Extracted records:

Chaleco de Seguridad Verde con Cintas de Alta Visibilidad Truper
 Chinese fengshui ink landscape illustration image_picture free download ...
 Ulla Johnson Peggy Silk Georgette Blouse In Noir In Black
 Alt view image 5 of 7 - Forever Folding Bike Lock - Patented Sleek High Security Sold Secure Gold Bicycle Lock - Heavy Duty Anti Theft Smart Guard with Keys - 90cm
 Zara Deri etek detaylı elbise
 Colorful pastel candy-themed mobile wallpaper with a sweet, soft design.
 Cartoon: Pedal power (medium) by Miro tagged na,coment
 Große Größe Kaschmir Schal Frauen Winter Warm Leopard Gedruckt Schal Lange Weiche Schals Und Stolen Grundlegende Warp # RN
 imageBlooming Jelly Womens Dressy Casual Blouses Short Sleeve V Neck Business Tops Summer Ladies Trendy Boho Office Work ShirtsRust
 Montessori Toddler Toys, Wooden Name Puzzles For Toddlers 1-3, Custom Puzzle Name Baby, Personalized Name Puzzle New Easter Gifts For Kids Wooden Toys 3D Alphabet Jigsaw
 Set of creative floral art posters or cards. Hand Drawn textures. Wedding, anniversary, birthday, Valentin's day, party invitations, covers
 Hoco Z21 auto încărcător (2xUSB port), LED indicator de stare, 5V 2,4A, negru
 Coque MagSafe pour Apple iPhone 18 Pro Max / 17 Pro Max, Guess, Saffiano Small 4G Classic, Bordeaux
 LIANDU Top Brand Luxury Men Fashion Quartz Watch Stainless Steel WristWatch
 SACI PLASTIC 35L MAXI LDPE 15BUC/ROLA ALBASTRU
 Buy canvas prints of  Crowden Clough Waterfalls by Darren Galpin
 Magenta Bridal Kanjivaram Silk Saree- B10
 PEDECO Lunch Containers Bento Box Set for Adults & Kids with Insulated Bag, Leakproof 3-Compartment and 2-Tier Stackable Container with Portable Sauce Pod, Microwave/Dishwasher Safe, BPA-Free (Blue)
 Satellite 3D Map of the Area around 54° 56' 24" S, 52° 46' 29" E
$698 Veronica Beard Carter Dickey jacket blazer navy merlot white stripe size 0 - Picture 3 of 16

To do
Retype the records above, but only those lines that fall between the line containing "Colorful pastel candy-themed" and the line containing "Montessori Toddler Toys, Wooden", with both of those lines included, exactly as written.

Answer space
 Colorful pastel candy-themed mobile wallpaper with a sweet, soft design.
 Cartoon: Pedal power (medium) by Miro tagged na,coment
 Große Größe Kaschmir Schal Frauen Winter Warm Leopard Gedruckt Schal Lange Weiche Schals Und Stolen Grundlegende Warp # RN
 imageBlooming Jelly Womens Dressy Casual Blouses Short Sleeve V Neck Business Tops Summer Ladies Trendy Boho Office Work ShirtsRust
 Montessori Toddler Toys, Wooden Name Puzzles For Toddlers 1-3, Custom Puzzle Name Baby, Personalized Name Puzzle New Easter Gifts For Kids Wooden Toys 3D Alphabet Jigsaw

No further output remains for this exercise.